_EXERCISE_. Could you restate every entry word for word, leaving the pictures out?

_DATA EXCERPTS_.
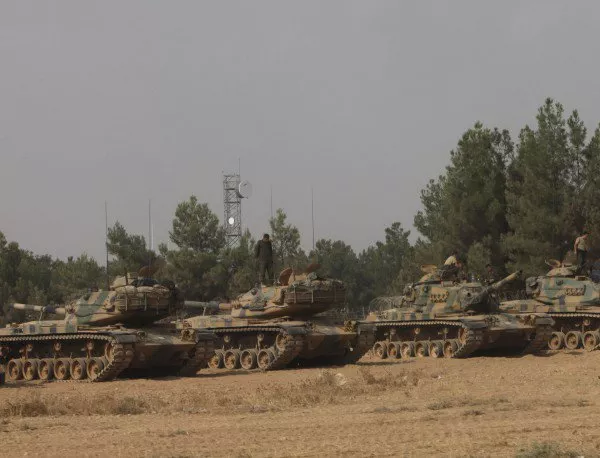Турция изпрати още 4 танка в Северна Сирия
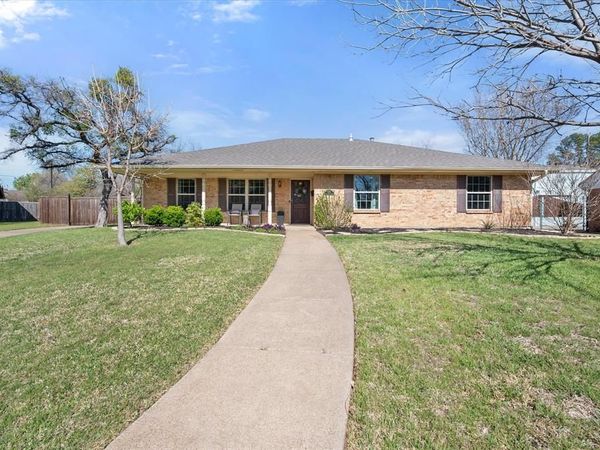1415 Moss Rose Circle, Irving, TX 75061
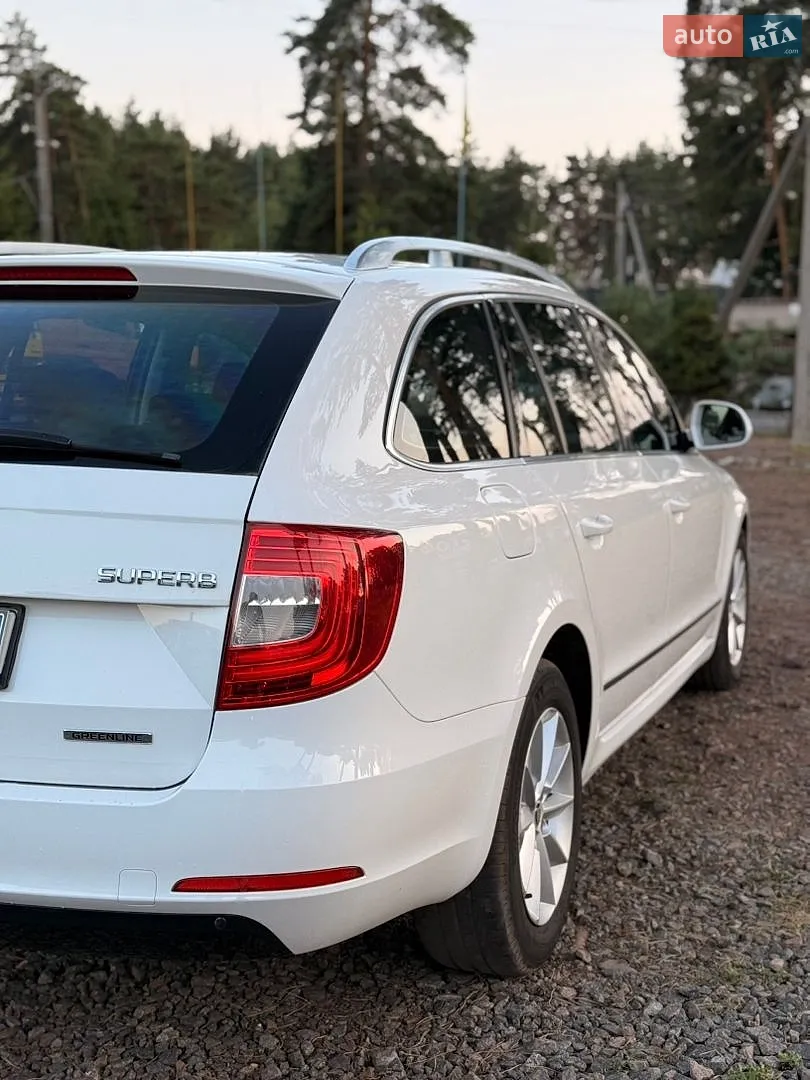 2013 Skoda Superb - мініатюра 12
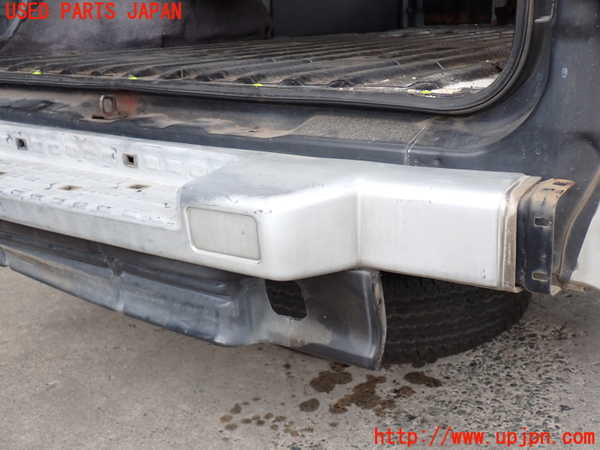 2UPJ-24591610]デリカ スターワゴン(P35W)リアバンパー 【ジャンク品】 中古_m0003.jpg
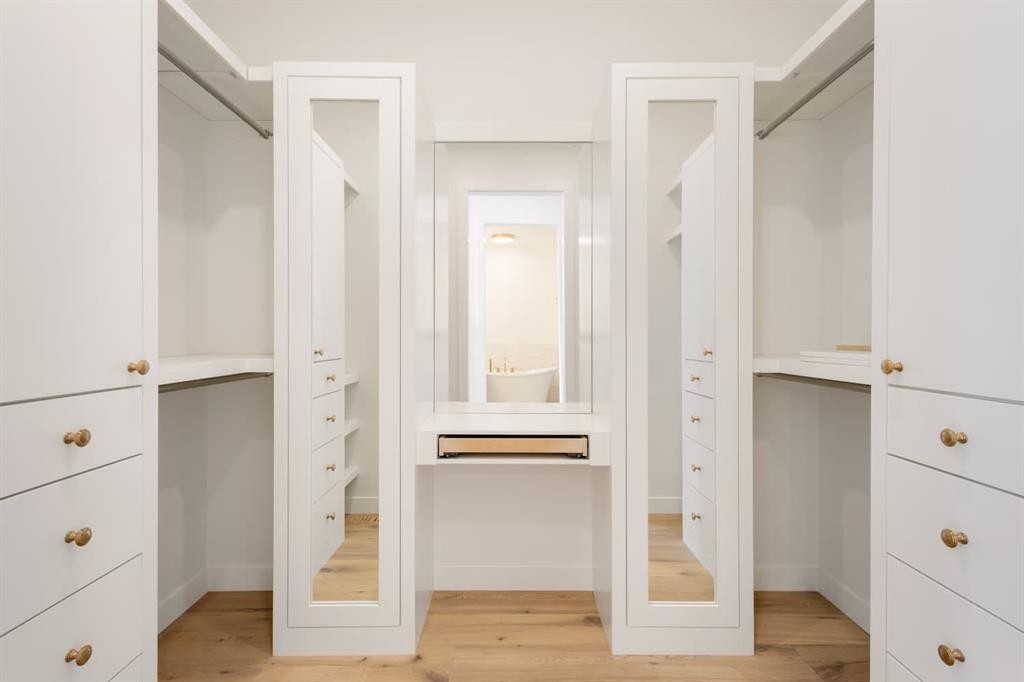 2117 22 Avenue Sw, Calgary, AB - Indoor Photo Showing Other Room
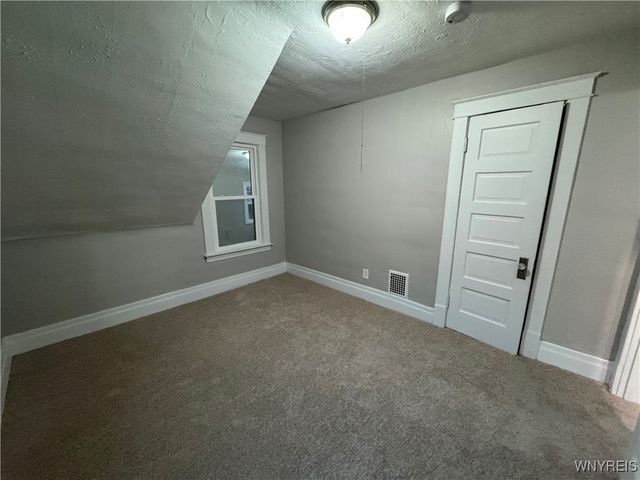 4011 Bell Street, Niagara Falls, NY 14305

_WRITTEN RESPONSE_.
Турция изпрати още 4 танка в Северна Сирия
1415 Moss Rose Circle, Irving, TX 75061
 2013 Skoda Superb - мініатюра 12
 2UPJ-24591610]デリカ スターワゴン(P35W)リアバンパー 【ジャンク品】 中古_m0003.jpg
 2117 22 Avenue Sw, Calgary, AB - Indoor Photo Showing Other Room
 4011 Bell Street, Niagara Falls, NY 14305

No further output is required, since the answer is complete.